After install the heartbeat on both lvs1.domain.com and lvs2.domain.com, simply create the /etc/ha.d/ha.conf as follows:

#
#       keepalive: how many seconds between heartbeats
#
keepalive 2
#
#       deadtime: seconds-to-declare-host-dead
#
deadtime 10
#       hopfudge maximum hop count minus number of nodes in config
hopfudge 1
#
#       What UDP port to use for udp or ppp-udp communication?
#
udpport 1001
#       What interfaces to heartbeat over?
udp     eth0
#
#       Facility to use for syslog()/logger (alternative to log/debugfile)
#
logfacility     local0
#
#       Tell what machines are in the cluster
#       node    nodename ...    -- must match uname -n
node    lvs1.domain.com
node    lvs2.domain.com

The /etc/ha.d/haresources file is as follows:

lvs1.domain.com 10.0.0.3 lvs mon

The /etc/rc.d/init.d/lvs is as follows:

#!/bin/sh

#
# You probably want to set the path to include
# nothing but local filesystems.
#
PATH=/bin:/usr/bin:/sbin:/usr/sbin
export PATH

IPVSADM=/sbin/ipvsadm

case "$1" in
    start)
	if [ -x $IPVSADM ]
	then
	    echo 1 > /proc/sys/net/ipv4/ip_forward
	    $IPVSADM -A -t 10.0.0.3:80
	    $IPVSADM -a -t 10.0.0.3:80 -r 192.168.0.1 -w 5 -g
	    $IPVSADM -a -t 10.0.0.3:80 -r 192.168.0.2 -w 5 -g
	fi
	;;
    stop)
	if [ -x $IPVSADM ]
	then
	    $IPVSADM -C
	fi
	;;
    *)
	echo "Usage: lvs {start|stop}"
	exit 1
esac

exit 0

Finally, make sure that all the files are created on both the lvs1 and lvs2 nodes and alter them for own own environment, then start the heartbeat daemon on the two nodes.
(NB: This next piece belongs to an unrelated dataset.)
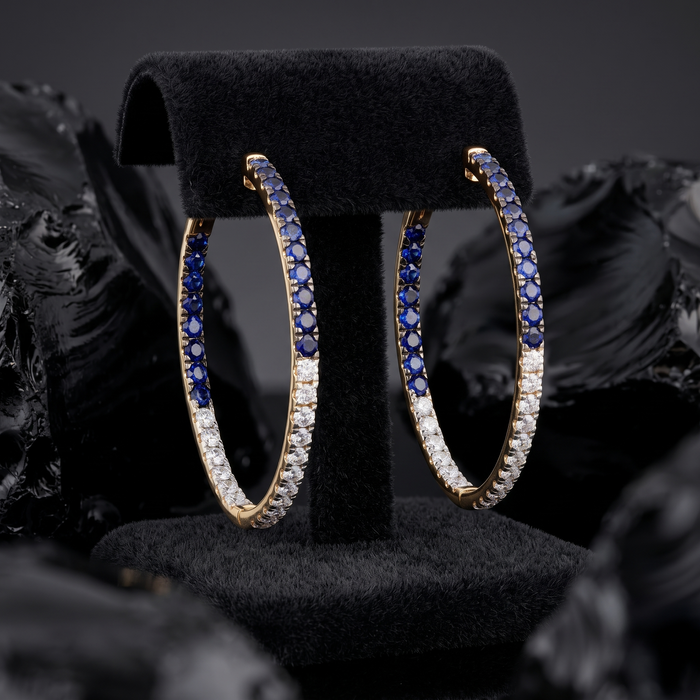 Sapphire Gemstones Diamond Hoop Earrings in 14K Yellow Gold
Note that fake (IP takeover by Gratuitous Arp) is already included in the heartbeat package, so there is no need to setup "fake" separately. When the lvs1.domain.com node fails, the lvs2.domain.com will take over all the haresources of the lvs1.domain.com, i.e. taking over the 10.0.0.3 address by Gratuitous ARP, start the /etc/rc.d/init.d/lvs and /etc/rc.d/init.d/mon scripts. When the lvs1.domain.com come back, the lvs2 releases the HA resources and the lvs1 takes them back.